Computing away in Massachusetts, Marsden agreed that Offutt's June 17 candidate was promising, but any attempt to use the limited June 14 data was inconclusive. At this stage the choice was between comparing notes with Hergenrother and having Offutt try the field again on the 18th, which would be the last morning he could do so for two weeks because of interference from the moon--after which time the summer rains could be expected to set in in earnest. Despite some moon and haze, Offutt obtained three more frames on the 18th, and on comparing them with those from the morning before, he quickly found and measured the elusive image. Marsden agreed that the shift relative to his computation was completely consistent, and he isolated a small region for Hergenrother to examine on the 1.2-meter June 11 frame. Within 25 minutes of e-mailing this refined calculation to Hergenrother, he had received back from Hergenrother an accurate measurement of the correct June 11 image!
Completing the orbit solution was now a straightforward matter, although the eccentricity of the orbit is still not well determined. This is mainly because the object is evidently in the outer part of its orbit, half as far out again as Neptune is. Only one other well-observed Kuiper Belt object is currently out farther than this.

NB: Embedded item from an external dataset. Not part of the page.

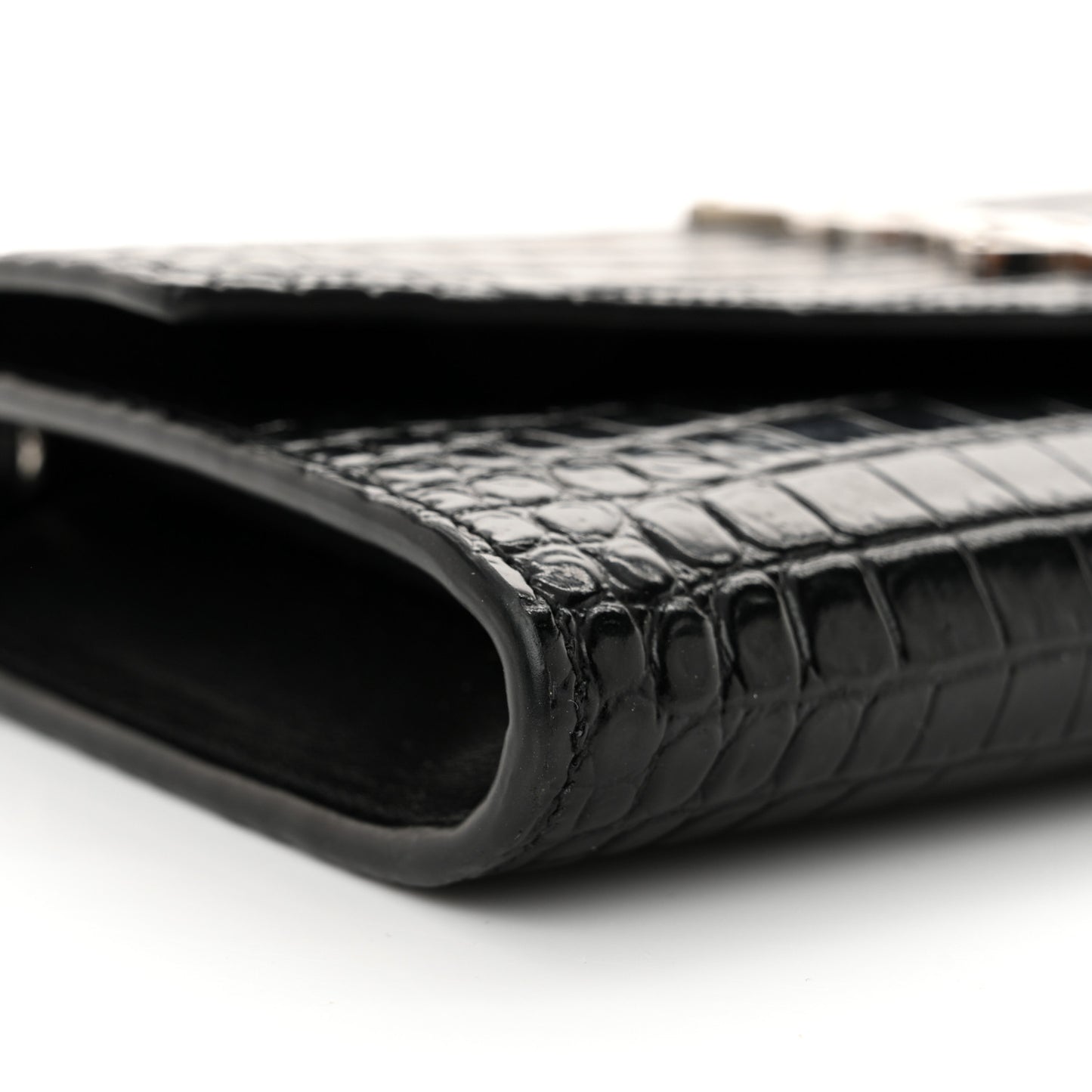 Calfskin Crocodile Embossed Monogram Uptown Chain Wallet Black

Nevertheless, the eccentricity, perhaps about 0.11, does seem to be within the range of eccentricities of the "main" part of the Kuiper Belt, or the "cubewanos". The average distance of TO66 from the sun, 43 astronomical units (i.e., roughly 43 times the earth's distance from ths sun), is also inside the rather confined cubewano range of 42-46 astronomical units.
Particularly interesting about TO66 is the fact that the angle between the orbit planes of TO66 and the major planets is four times that of its nearest cubewano competitor. At 27 degrees--to the earth's orbit--this inclination exceeds the 20-degree maximum of Pluto and the other well-established "plutinos", a group of bodies located at an average of 39 astronomical units from the sun and that in many cases actually cross Neptune's orbit. The inclination is also greater than the 23 degrees for the unique TL66, althugh it is less than the 32-degree figure for 1996 RQ20, another body that orbits the sun somewhat beyond the cubewanos but is more comparable to them in size. If the 0.11 eccentricity is confirmed, TO66 will be 38.8 astronomical units from the sun at its closest point, noticeably closer than the minimum of 40 for the other cubewanos. But its orbital orientation still prevents an approach between TO66 and Neptune (which is 30 AU from the sun) of less than 10 AU--as is also the case for the low-inclination cubewanos. The plutinos are also prevented from currently passing within at least 10 AU of Neptune because their orbits resonate with Neptune's.
With its early recovery in the dawn and the resulting orbit improvement, 1996 TO66 should be well observable for the remainder of 1997, inviting careful study of its physical characteristics. It will be best observable, on the meridian at midnight, around the time of the September equinox, shining then as a star of twenty-first magnitude.